EXERCISE DIRECTIONS: When you reach the line that holds "Yubasree prokalpo New", start copying exactly and keep going through the final line of the data, leaving out pictures.

Caption-style text data:
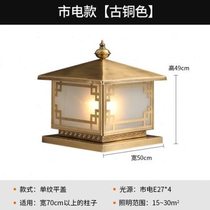 Chinese style full copper solar column head lamp outdoor waterproof villa gate pillar outdoor home courtyard wall lamp 2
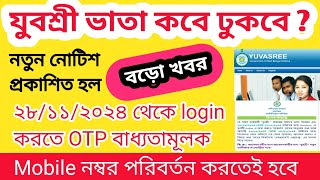 Yubasree prokalpo New Notice  Vata Update  যুবশ্রী ভাতা মোবাইল নং পরিবর্তন  টাকা কবে দেবে [upl. by Kapeed]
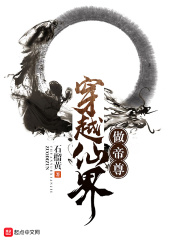穿越仙界做帝尊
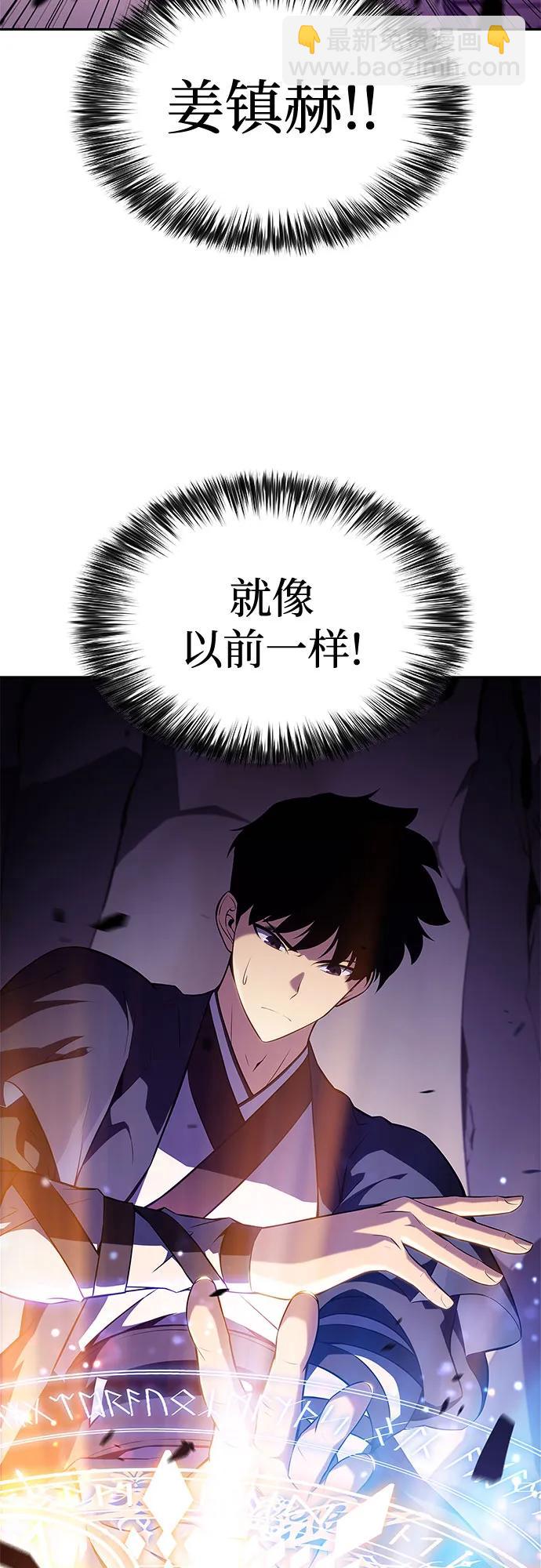 我獨自滿級新手 - [第174話] 夜叉(1)(2/2) - 2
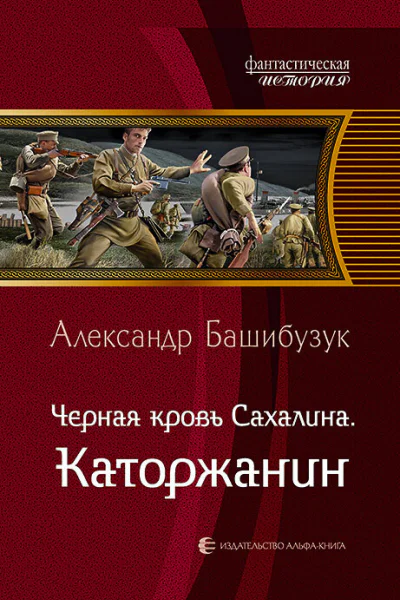 Черная кровь Сахалина Каторжанин Фантастический роман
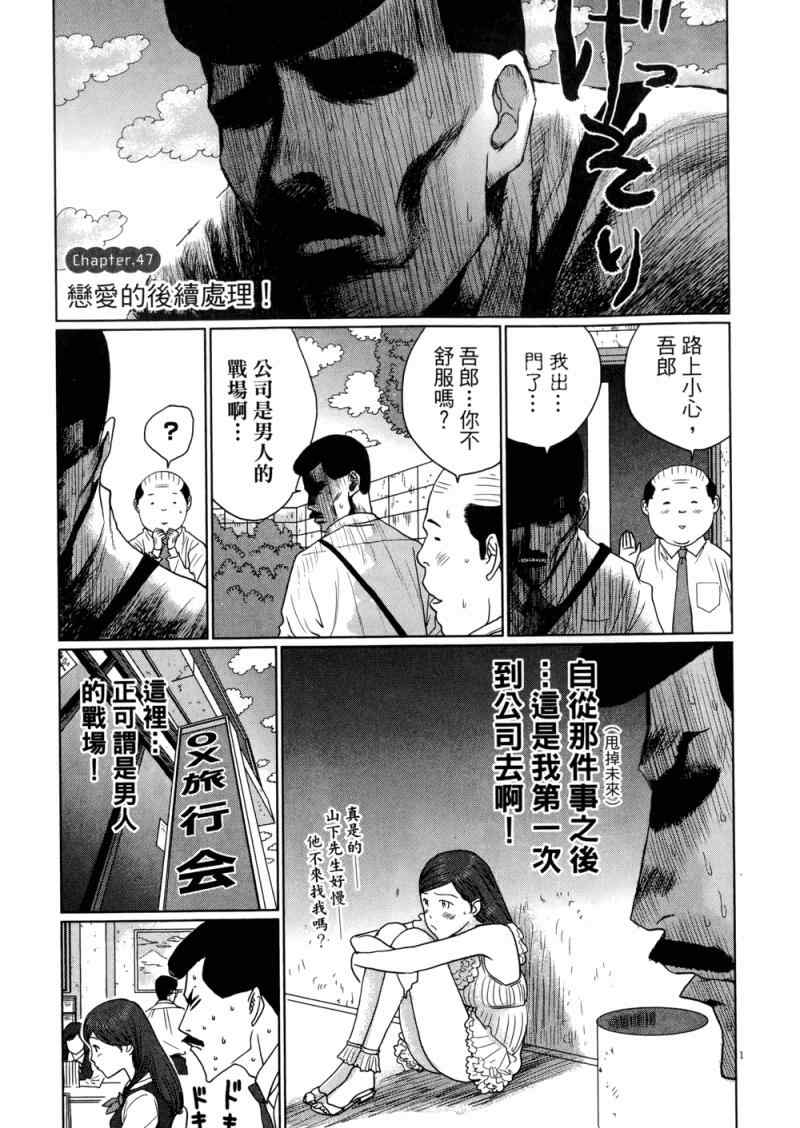 《老爸的第二春》漫画 03卷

RESULT OF THIS TASK:
 Yubasree prokalpo New Notice  Vata Update  যুবশ্রী ভাতা মোবাইল নং পরিবর্তন  টাকা কবে দেবে [upl. by Kapeed]
穿越仙界做帝尊
 我獨自滿級新手 - [第174話] 夜叉(1)(2/2) - 2
 Черная кровь Сахалина Каторжанин Фантастический роман
 《老爸的第二春》漫画 03卷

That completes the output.